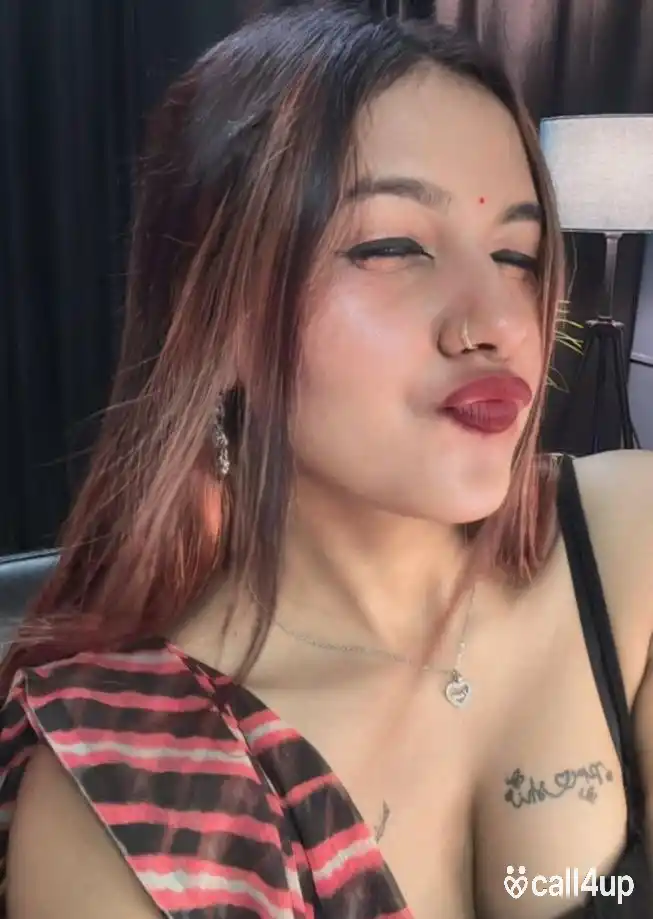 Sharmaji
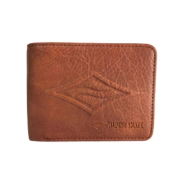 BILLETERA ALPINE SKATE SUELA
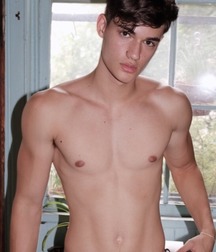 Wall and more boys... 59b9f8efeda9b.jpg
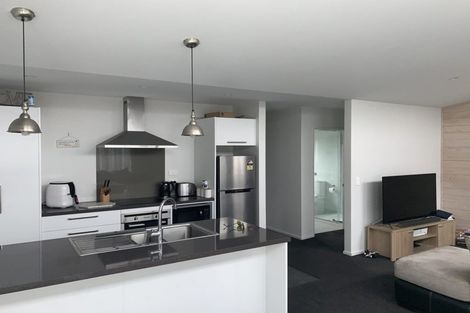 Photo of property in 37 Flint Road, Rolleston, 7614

What you have to do: Give again exactly the lines from the one that contains "BILLETERA ALPINE SKATE SUELA" through the end of the material, both ends included, omitting the pictures.

Exercise solution:
 BILLETERA ALPINE SKATE SUELA
 Wall and more boys... 59b9f8efeda9b.jpg
 Photo of property in 37 Flint Road, Rolleston, 7614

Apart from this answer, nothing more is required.